Friday, July 12, 2019

Cathedral Week Dairy

I had quite the week, preparing for my organ concert at St. Paul Cathedral, Pittsburgh, on Sunday, July 14th at 3:30 pm. (Bring everybody you've ever met. They've got the seating for sure.) This is my diary:

Sunday afternoon I headed to St. Paul for the first concert of the summer series. I've been attending concerts pretty frequently since moving to Pittsburgh three years ago. This one is different, however. Don Fellows, the cathedral organist, comes over and presents me with a set of keys. One of them unlocks the iron gate at the bottom of the steps, the other the door at the top. I am now able to come practice the organ on the four days which have been provided on the cathedral calendar. I am pretty excited. I am also pretty nervous. I've never played this organ before.
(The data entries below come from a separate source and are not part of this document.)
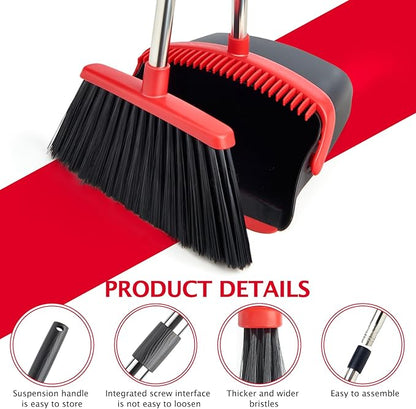 Broom and Dustpan Set with Long Handle, Heavy Dust Broom and Dustpan Combo for Home，Kitchen, Office, Pet Hair (Black Red)
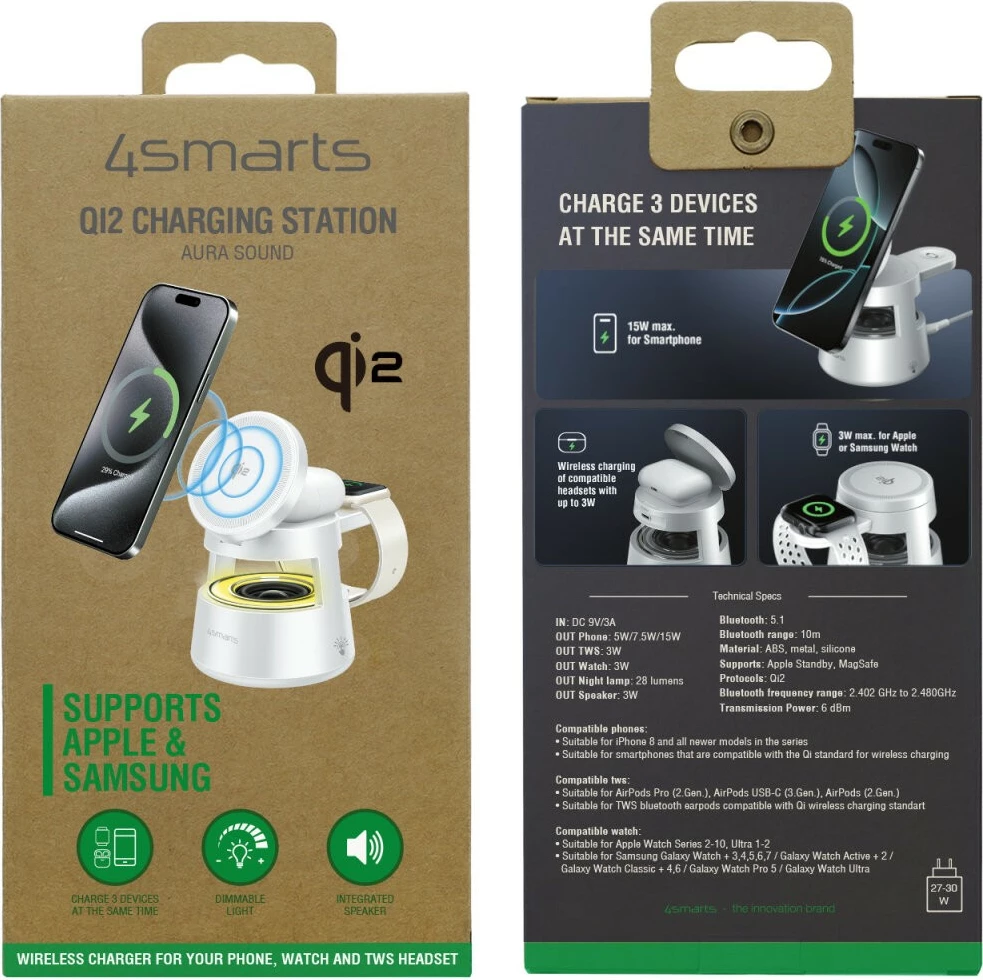 Brezžični polnilec z zvočnikom 4smarts Aura Sound, Qi2, Bluetooth 5.1, 15W, bel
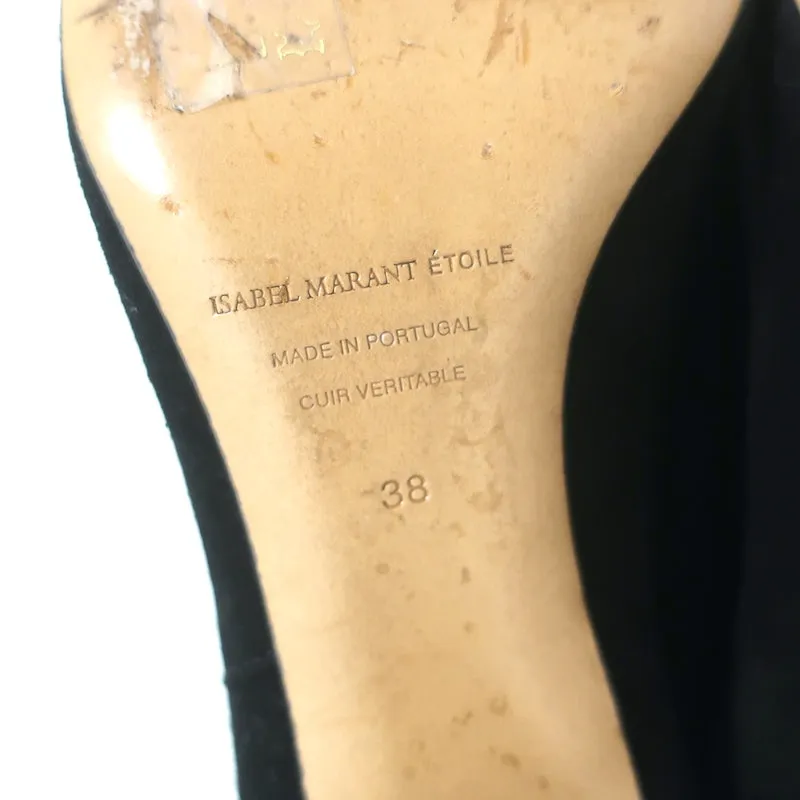 Isabel Marant Etoile Robby Knee High Boots Black Suede Size 38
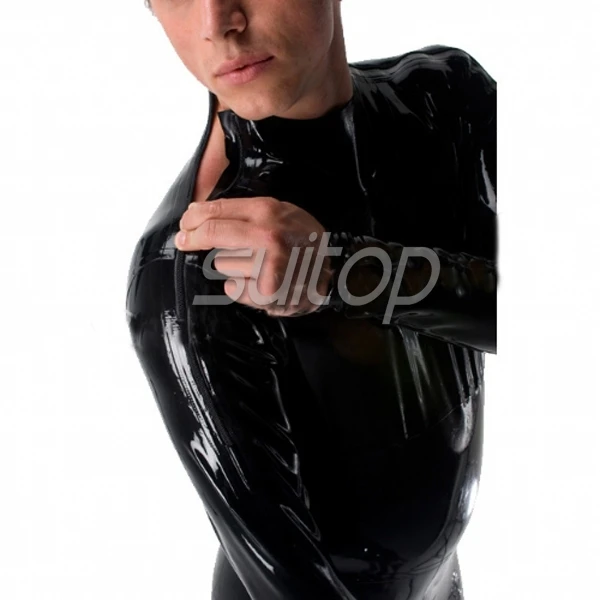 

Handmade Double Shoulders Zipper Men's Full body Design Sexy Latex Tight Jumpsuit Rubber Catsuit Clothing with Crotch Zip Suitop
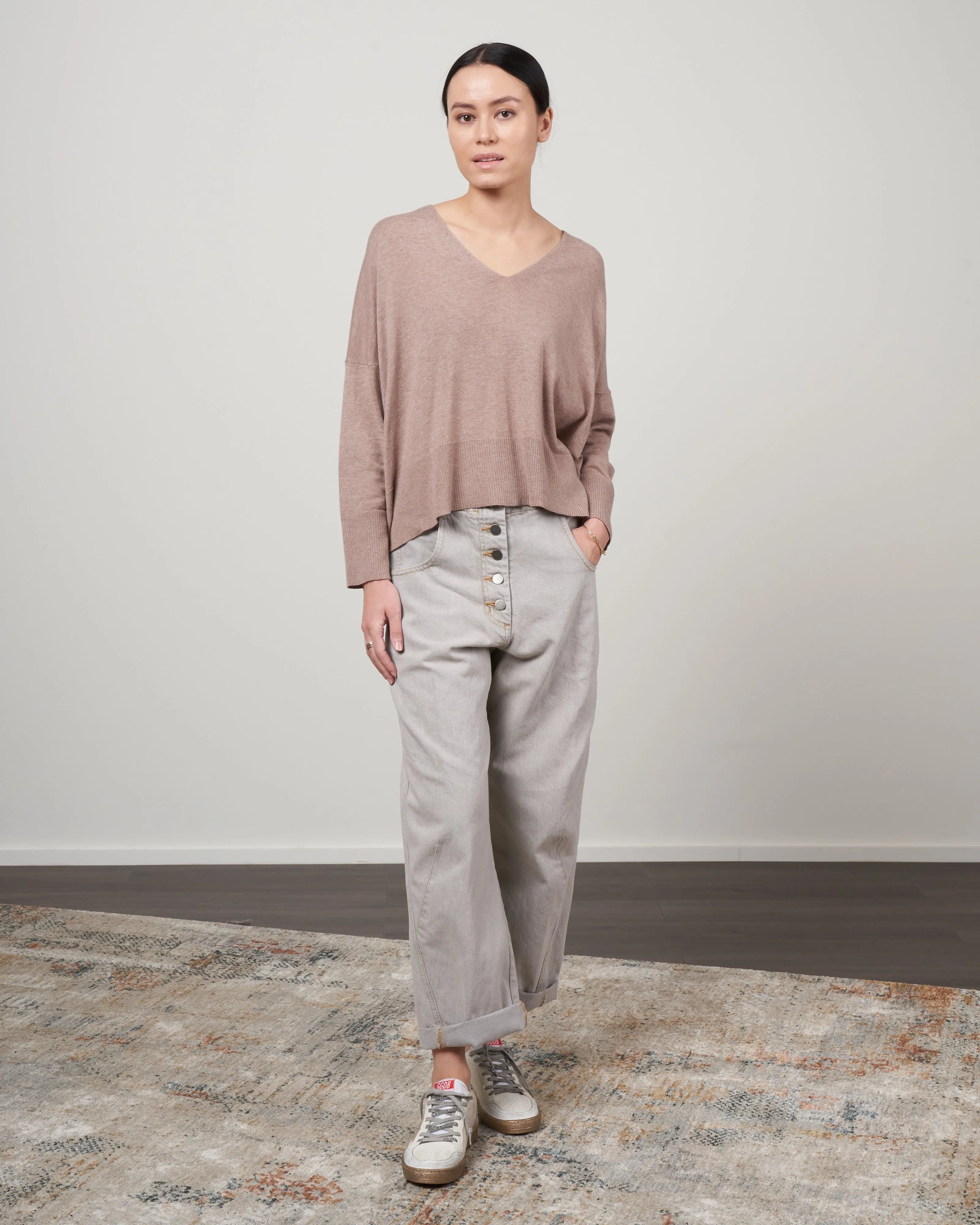 summer vneck sweater - dove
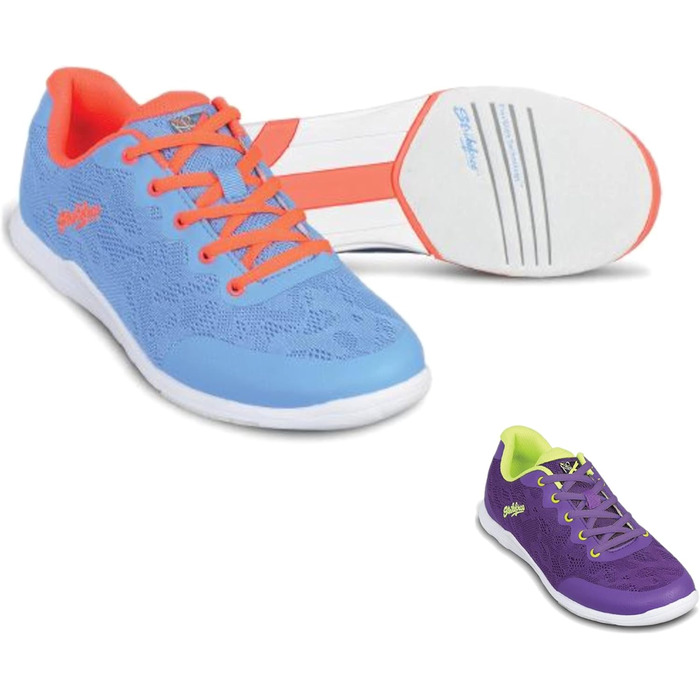 Кросівки для боулінгу KR Strikeforce з шнурівкою, двостороння підошва, спортивний дизайн, кольорові, 36 EU, блакитний/оранжевий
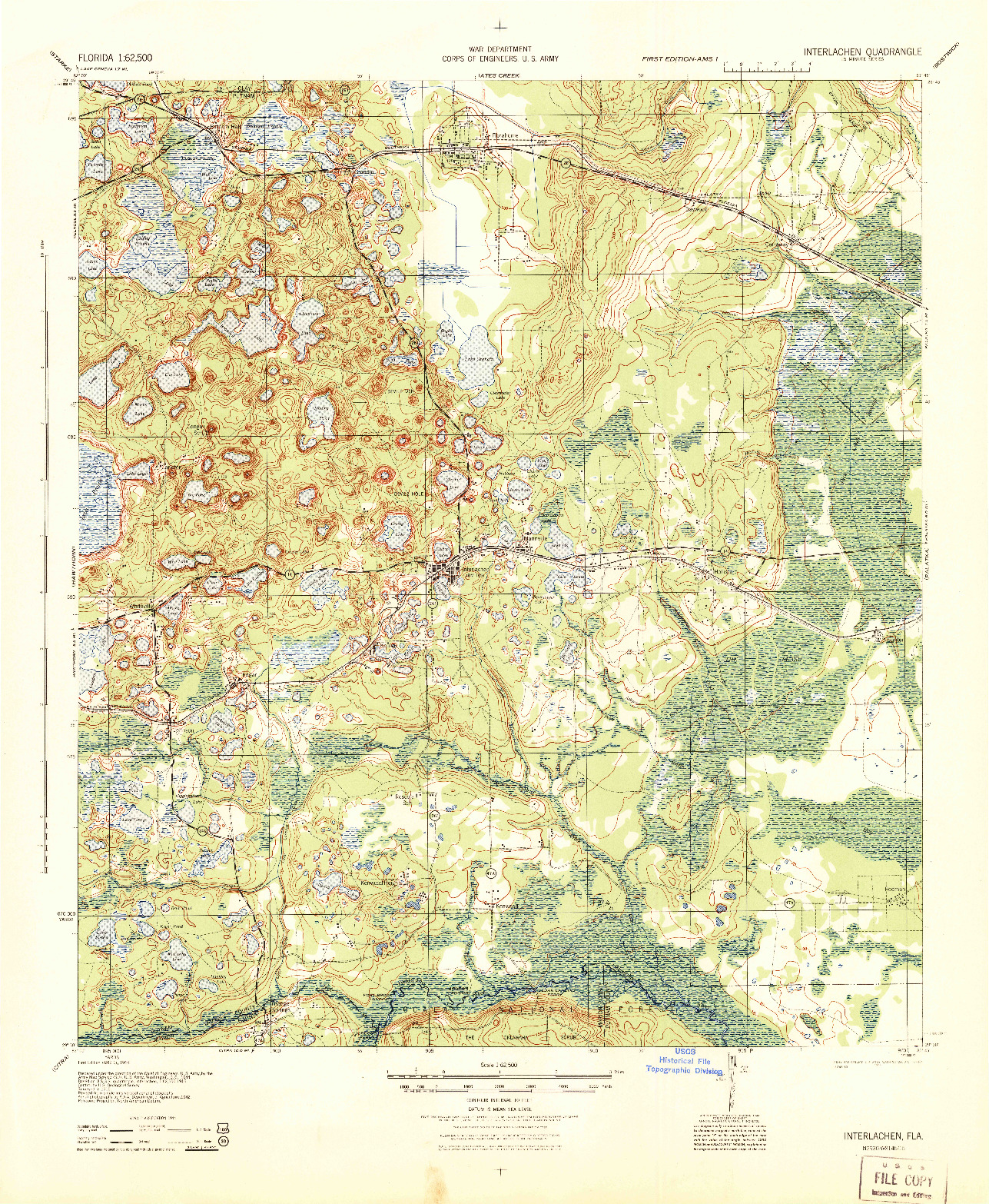 USGS 1:62500-SCALE QUADRANGLE FOR INTERLACHEN, FL 1944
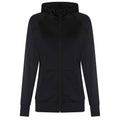 Jet Black - Front - AWDis Cool Womens-Ladies Zoodie Contrast Full Zip Hoodie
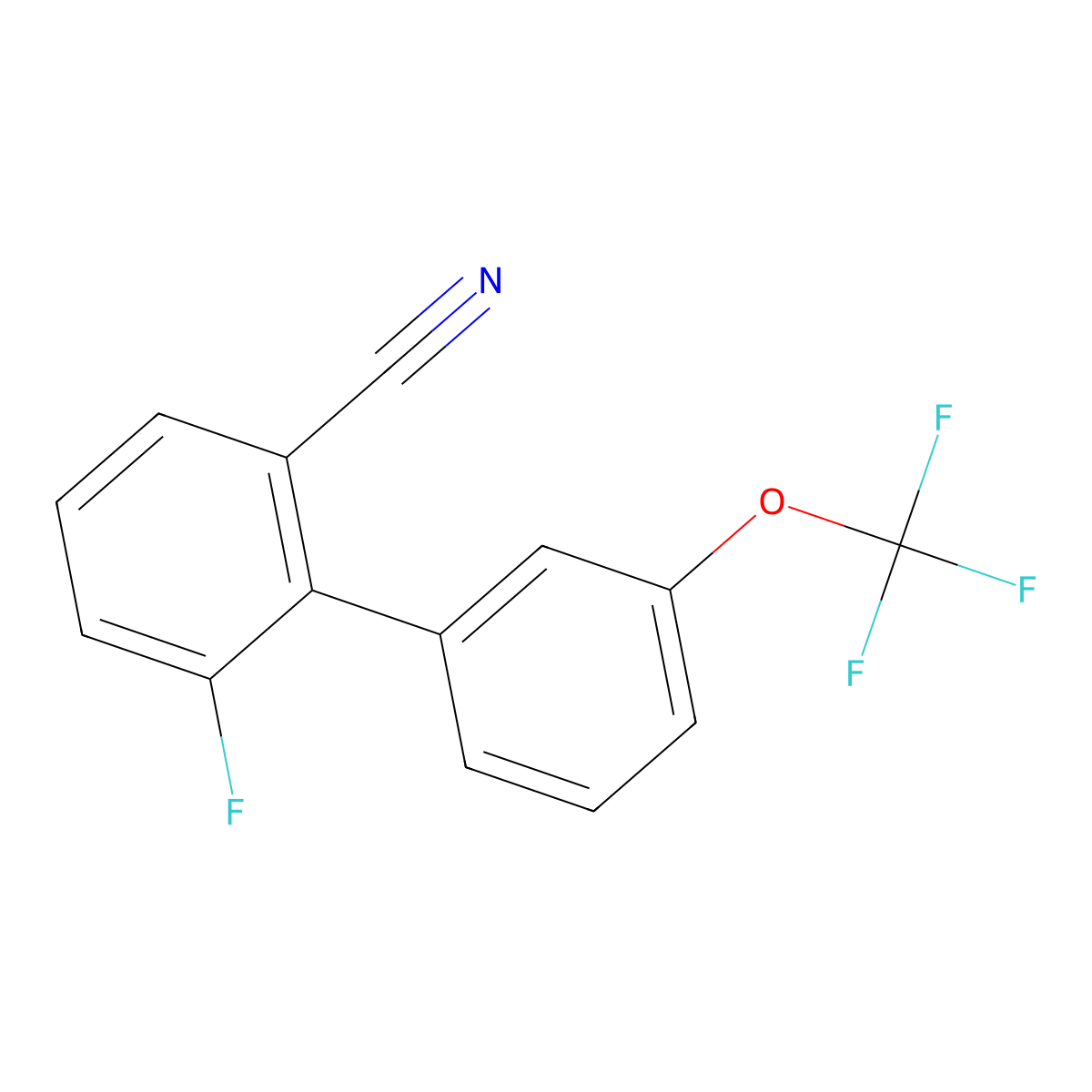 6-Fluoro-3'-(trifluoromethoxy)-[1,1'-biphenyl]-2-carbonitrile molecular structure, CAS 1261880-61-8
I know that it was made by a German builder, that it has many characteristics of an 18th century instrument (including a shorter compass; that is, there aren't quite as many keys near the top of each manual, and 'reversed' black and white keys: the keys on the bottom used to be black, unlike on modern instruments). Tomorrow I'll find out if the French Romantic and 20th century pieces I decided to put on the program will work out, and how well I'm getting along with the instrument generally. For any given organ concert you might have to change the way you play a piece, changing which hand goes where, or which buttons you end up pushing to change stops when. The angles can also be very different. There are hundreds of little things to consider, but for now the best thing I can do is just to know the music really well and be as prepared as possible. This week will mostly be about transferring the program to a specific organ. Some people (and not just the cathedral staff!) have called this organ the "finest instrument in North America" so I'm about to have a major privilege, getting to play it all week. But at the moment I'm pretty anxious. In less than a week I'm playing a concert on an instrument I don't know at all. It's too late even to change much of the program, I'd just better make things work. Tomorrow we find out.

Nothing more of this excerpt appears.